Speak about Speech: Shuno の方言千夜一夜



第828夜

耳穴かっぽじって




 今週は耳の話。

 単純に「耳 AND 方言」でググっても目を引くような記事は出てこない。
 いつかも書いたが、目には「まなぐ」、おでこには「なずぎ」のような俚諺形があるのに、耳にはない。
まなぐ」は「まなこ」の変化したもので、これはどうやら「目」よりも古い言葉らしい。「なずき」も「脳」という意味の古い語なのだが、そういう語があるかどうかの違いなのかもしれない。類語辞典で「耳」を引いてみても、「耳殻」「外耳」のような別の語しか見当たらなかった。

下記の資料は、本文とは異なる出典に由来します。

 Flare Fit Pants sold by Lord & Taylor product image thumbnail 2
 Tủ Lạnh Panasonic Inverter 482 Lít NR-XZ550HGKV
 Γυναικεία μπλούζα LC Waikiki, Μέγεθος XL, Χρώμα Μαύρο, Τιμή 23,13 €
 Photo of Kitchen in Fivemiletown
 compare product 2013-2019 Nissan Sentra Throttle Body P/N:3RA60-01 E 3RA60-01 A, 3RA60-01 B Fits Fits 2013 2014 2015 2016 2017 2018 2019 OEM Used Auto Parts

 まずは「猫耳」。もう一目見ただけで、ググったときのノイズの多さが想像できる。
 正直、本当に方言? と思ったのだが、北陸放送内の「典子のそこやとこ」に、金沢大学の加藤和夫教授のコメントが掲載されている。法水正文という医師が全国的な調査をしたことがあるらしい。それには、北海道の表現として「ネコミミ」があるそうだ。
 別の記事に寄れば、猫の耳が湿っていることからの連想らしい。
 耳垢が乾いているか湿っているかについては、東西差が見られるということを聞いたことがあるのだが、さっきの記事に寄れば、「乾いた耳垢」を示す言葉にはさほどのバリエーションがないのに対して、「湿った耳垢」は数が多い。これは、「湿った耳垢」が珍しいものだったから、という説明がされている。
 ということは、東日本、もっと言えば北日本ってのはやっぱりマイノリティってことなのだなぁ、と思った。

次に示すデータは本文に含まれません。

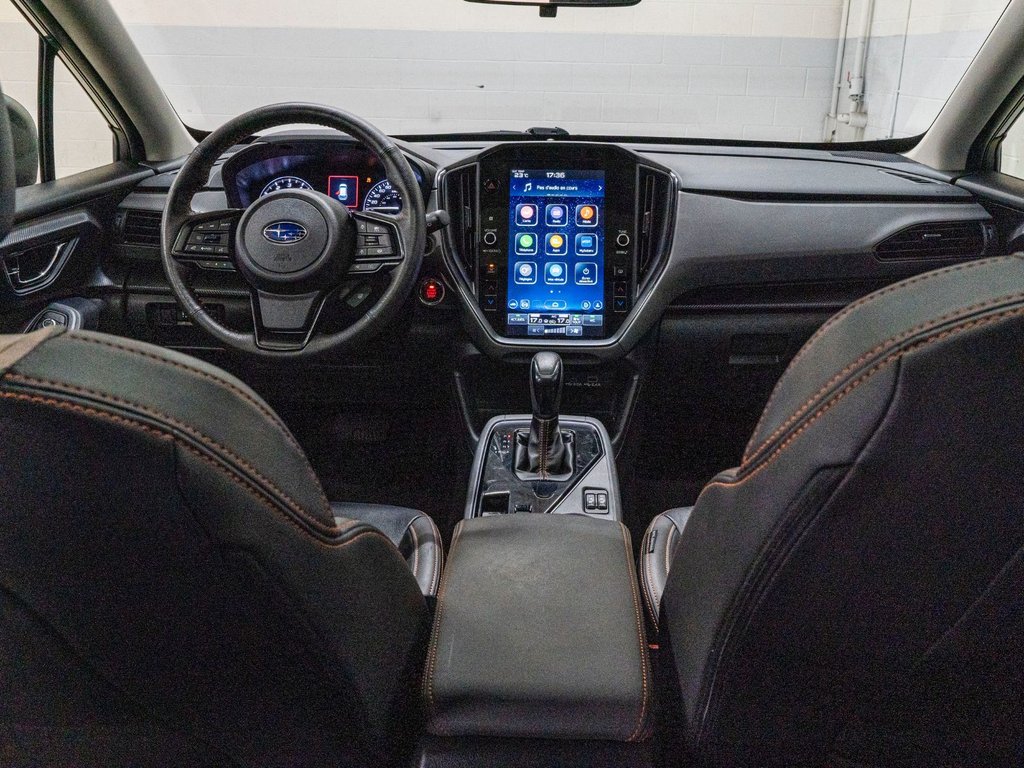 2024 Subaru CROSSTREK LIMITED LIMITED, 2.5L, CUIR, TOIT, CARPLAY, HARMAN KARDON in Charlemagne, Quebec - 20 - w1024h768px
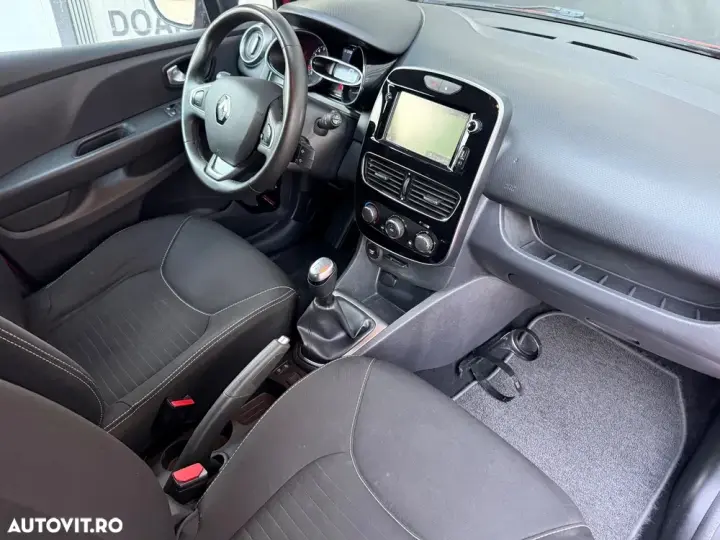 Renault Clio ENERGY TCe 90 Start & Stop LIMITED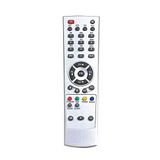 BYCONNERS Elton Uydu Alıcılı Led Televizyon Kumandası Kırmızı Logolu Model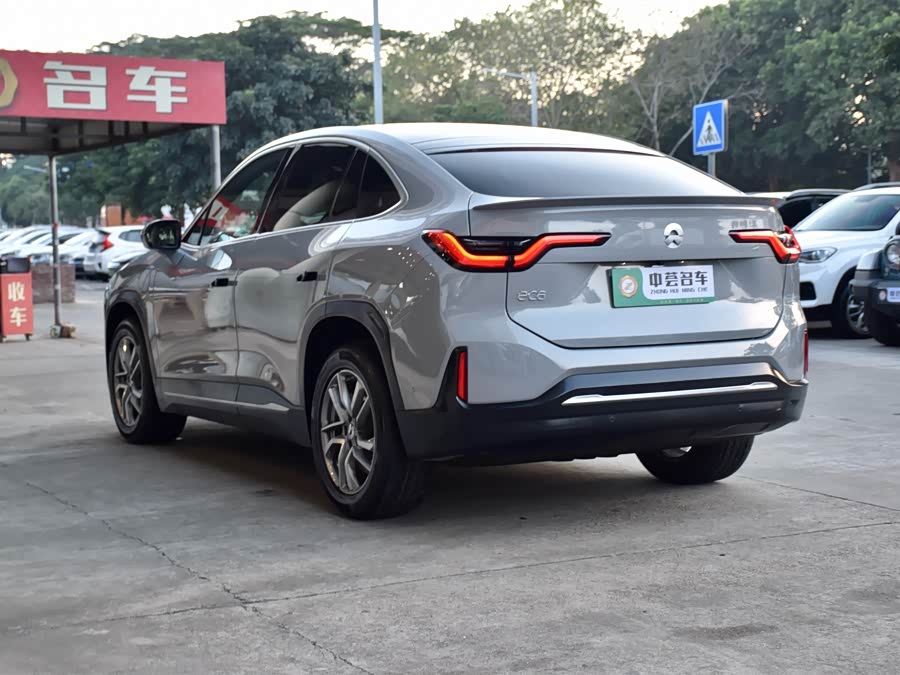 NIO EC6 2020 imagen de coche #6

 耳が聞こえないことを、東北南部では「耳きんか」と言う。
 これを見て、昔、「みみきかんじ」という表現があったことを思い出した。おそらく子供のとき以来だから数十年ぶりである。えらく新鮮な感じ。
 子供の頃に使っていたので、「」は「児」かと思ったが、『秋田のことば (秋田県教育委員会編、無明舎出版)』は「聞かない」という意味の「聞かず」であるとしている。
 これは差別語的な使われ方をした、取り扱い注意の語であることは言っておく。「聞こえない」状態なのに、「聞かない」という形であることもその証拠ではないだろうか。俺も人を罵倒するときに (子供のことなので、相手の聴力とは無関係に) 使っていたような記憶がある。
耳きんか」について触れた記事を読んでいると、かならずしもそうではないようなのだが、意味からして、そういう風に使うことができる語である。

 で、なんで急に耳の話をしだしたかと言うと、こないだ耳鼻科に行ったからである。
 唾を飲んだときや、口を閉じてげっぷを我慢したとき (ダイバーがやる「耳抜き」と同じことになる) に響く音が、右に比べて左側が明らかに大きい、という状態になった。これが一ヶ月前。
 それだけなので放っておいたら、今度は階段を下りるときに足音が直接、左耳に響くようになった。これも、いつもというわけではないので、やはり放置したのだが、気になって調べてみたら、滲出性中耳炎だとそんなことになるらしい、ということがわかった。
 それでも、痛くも痒くもないし、聞こえづらいというような症状もないので放っておいたのだが、その内、頭を動かすと左側でゴソゴソと音がするようになった。これはさすがにうるさい。
 滲出性中耳炎だと、中耳に溜まった液体を抜く必要がある。小さい穴を開けて吸引するらしいのだが、面倒なことにならなきゃいいなぁ、と思いながら医者に行った。
 さて、原因は何だったか。
 耳垢である。耳垢が鼓膜に付着していたらしい。
 これはさすがに情けなくて医者の顔を見られなかった。耳垢って。
 いや、以前から、乱暴な耳掻き作業や太い綿棒を使ったせいで、耳垢を奥に押し込んでしまう人が少なくない、ということは聞いていたのだが、まさか自分がそんなことをしているとは思わなかった。
 で、人のせいにするわけではないが、この綿棒が原因ではないかと思っている。
   
   (格子は 2.5mm 幅)
 右側、山があって耳垢を掻き出すのに便利そうだが、逆に作用すれば、耳垢を効率的に押し込むことになる。
 幸い、残りは数本なので、次はもっと細いのを探そう。医者の中には、子供向けが丁度いい、と言っている人もいる。